The UN-Doing of Aikido

Tonight we finished our class with a true exercise, meaning we didn't learn a specific technique.

Two people raise arms and one person slowly presses against the their partner's wrist as if they are aiming for the other person's head. Something like two people crossing swords. The second person should feel the intention and the pressure then remove any “information” and step off the line of attack, yet keep the connection to the other person. The two people switch roles and weave around their space almost like a dance.

Our Sensei made a few comments that I think are worth noting. During the initial instruction he implied that this exercise was not a technique but rather we are just doing “Aikido”. And when dealing with specifics he pointed out that in Aikido the point is to take advantage of any indication of the opponent's intention and use the appropriate technique and here we are trying to respond with no indication of our plans and in fact proceed no further than that.

In this case both people were trying to do NO technique and deliver NO “information” to the other person. Each person in turn presented a small intention toward the other's head but the “opponent” simply removes resistance (while keeping contact) and then the roles were immediately reversed. So with each exercise there was only non-resistance and a lack of technique.

Learning the essence of Aikido by doing no Aikido technique. Even experienced students had trouble adjusting and relaxing. The playing field was level for a few minutes and we were touching the core of Aikido.

I think this also relates to something Brian previously demonstrated, in that each technique has the potential of being reversed. Reversed, because you are giving too much information of your plan to
Uke who takes that and redirects your plan until it become their own.

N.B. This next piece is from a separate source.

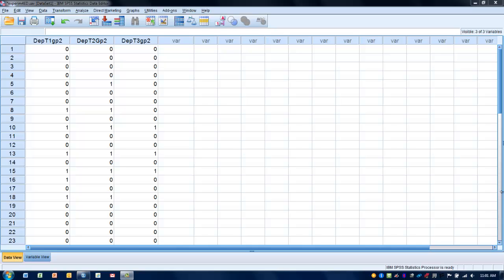This video will demonstrate the performance of Cochran's Q test. This test is used when we have a categorical outcome, which could be either someone has symptoms of a disease or does not have symptoms of a disease, or has a condition or does not have a condition.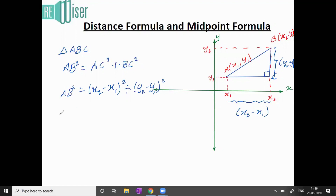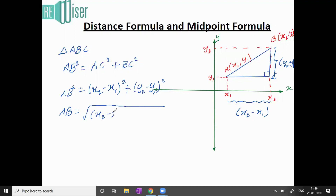So AB² = (x2 − x1)² + (y2 − y1)². Taking the square root of both sides, the distance AB equals the square root of (x2 − x1)² + (y2 − y1)². Using this formula, I can find the distance between any two points.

I'm not sure the image above applies but I felt it presents the idea of contact yet not control.
No Theological implication to be inferred, just looking at a picture.


Bob said...

I think I've done that in class once before, back when I was even more inexperienced than I am now. Very cool exercise, for sure. I'm glad that Sensei is trying to teach us to be sensitive to that kind of thing, rather than just plowing through techniques.

Anonymous said...

One of the neat things that I have heard about aikido is that we are really learning to move. Although kote gaeshi, ikkyo, sankyo, shihonage and all of our techniques are found in almost all martial arts, aikido is the only art that focuses on the set-up to the technique. Some people knock aikido because we study the feel of movement and not the sheer forceful application. Once a higher ranking student in Dallas said that the order of operations in martial arts was timing beats technique, technique beats speed, speed beats power, and power beats size.
Also, the picture is perfect because I believe that it is the desire and maintainence of connection, to God or anyone, that we are always practicing in aikido.

ZeppoManx said...

If I may comment on my own post...I think Sidney is a great example of the fluid AND connected nature of Aikido. When you practice with him you feel the flow and you know he is in control.

What makes us continue practice when you obviously don't know what is happening? I think it is those moments such as practicing with Sensei (and each other) where you "feel" the Aikido. You really feel the Harmony of The Way.

Anonymous said...

"Maybe Aikdio, Animaiton and Español": Are the misspellings intentional? If so, what is the significance? If not, I'm "thoughtfully" bringing them to your attention. Always happy to be of assistance to my brother. Carolyn

ZeppoManx said...

"Are the misspellings intentional?"

Oops! I'm not that clever.

This time I'm just a lazy typist.

I see the animation,
Hay mas?

Anonymous said...



ZeppoManx said...

Got it! Thanks.

A few decades of living by the spell checker has a few drawbacks for a less than thorough proofreader.